Het hof heeft de primaire vordering van FBS tot vernietiging van de koopovereenkomst wegens dwaling toegewezen, evenals de vordering tot terugbetaling door Vano van de koopsom. Ook de vordering tot vergoeding van schade, nader op te maken bij staat, heeft het hof toewijsbaar geacht “nu de mogelijkheid dat FBS, door de verkeerde voorstelling van zaken – die gelet op de door Vano gegeven garanties tevens een tekortkoming in de nakoming van de overeenkomst oplevert – schade heeft geleden, voldoende aannemelijk is” (r.o. 4.20). Het hof heeft de zaak vervolgens naar de rol verwezen zodat beide partijen zich erover konden uitlaten of zij verwijzing naar de schadestaatprocedure wensten. In een later stadium heeft het hof op verzoek van partijen de mogelijkheid van tussentijds cassatieberoep opengesteld.

Het geding in cassatie

Vano heeft in cassatie betoogd dat het hof met zijn hiervoor weergegeven oordeel heeft miskend dat vernietiging van de koopovereenkomst wegens dwaling meebrengt dat geen ruimte bestaat voor toewijzing van schadevergoeding wegens tekortkoming in de nakoming van de overeenkomst.

Deze klacht treft doel. De Hoge Raad overweegt dat de vernietiging van de koopovereenkomst in beginsel ook de genoemde garanties treft en dat er dan geen sprake meer is van een tekortkoming in de nakoming daarvan. Als het hof dit heeft miskend, heeft het van een onjuiste rechtsopvatting blijk gegeven en als het van oordeel was dat op dit uitgangspunt in het gegeven geval een uitzondering moest worden gemaakt, heeft het zijn oordeel onvoldoende gemotiveerd, aldus de Hoge Raad in r.o. 3.5.1.

De Hoge Raad overweegt in r.o. 3.5.2:

“De vernietiging van de overeenkomst brengt mee dat de enkele omstandigheid dat Vano – de vernietiging weggedacht – is tekortgeschoten in de nakoming van de overeenkomst, niet de verwijzing van partijen naar de schadestaat rechtvaardigt. Het slagen van het beroep op dwaling betekent immers niet dat de wederpartij van de dwalende jegens haar schadeplichtig is. Daarvoor dient een specifieke rechtsgrond aanwezig te zijn, en het hof heeft het bestaan van een zodanige grond niet vastgesteld.”
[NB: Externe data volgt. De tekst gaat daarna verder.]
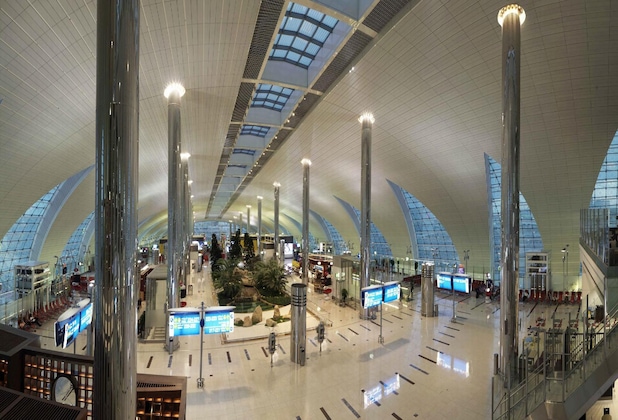 Gallery - Dubai International Hotel, Dubai Airport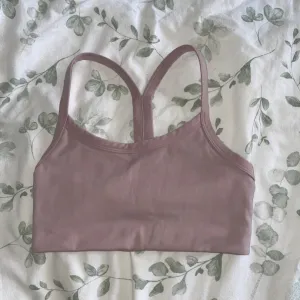H&M top za trening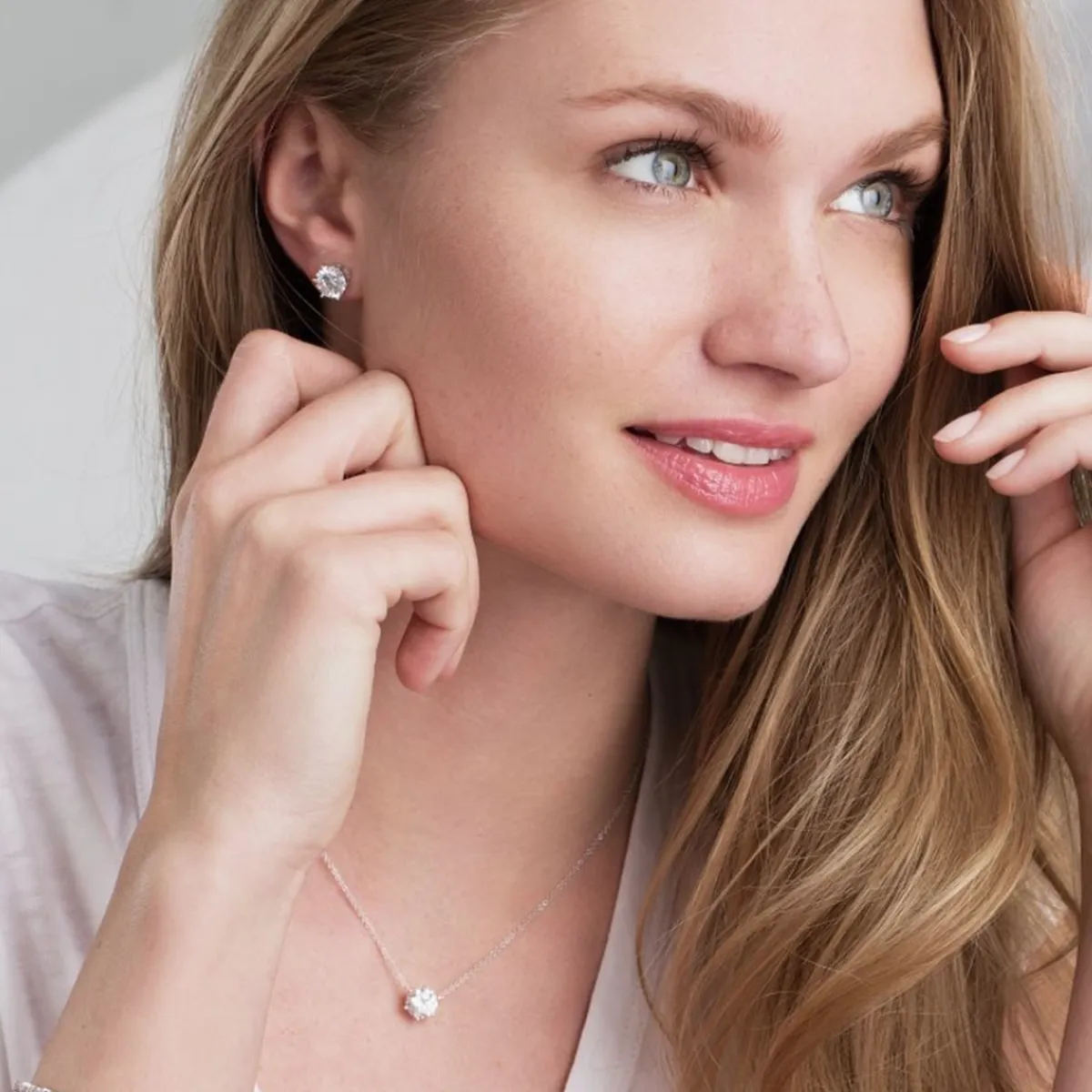 CRISLU - Aretes Solitario Brillante - 6 puntas Acabadas en Platino Puro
Ook Advocaat-Generaal Wissink ging er in zijn (door de Hoge Raad gevolgde) conclusie van uit dat voor schadeplichtigheid jegens de dwalende een specifieke rechtsgrond is vereist, zoals (met name) onrechtmatige daad (sub 3.21.1-3.21.2).

De Hoge Raad vernietigt het arrest van het hof en verwijst het geding naar een ander hof ter verdere behandeling en beslissing.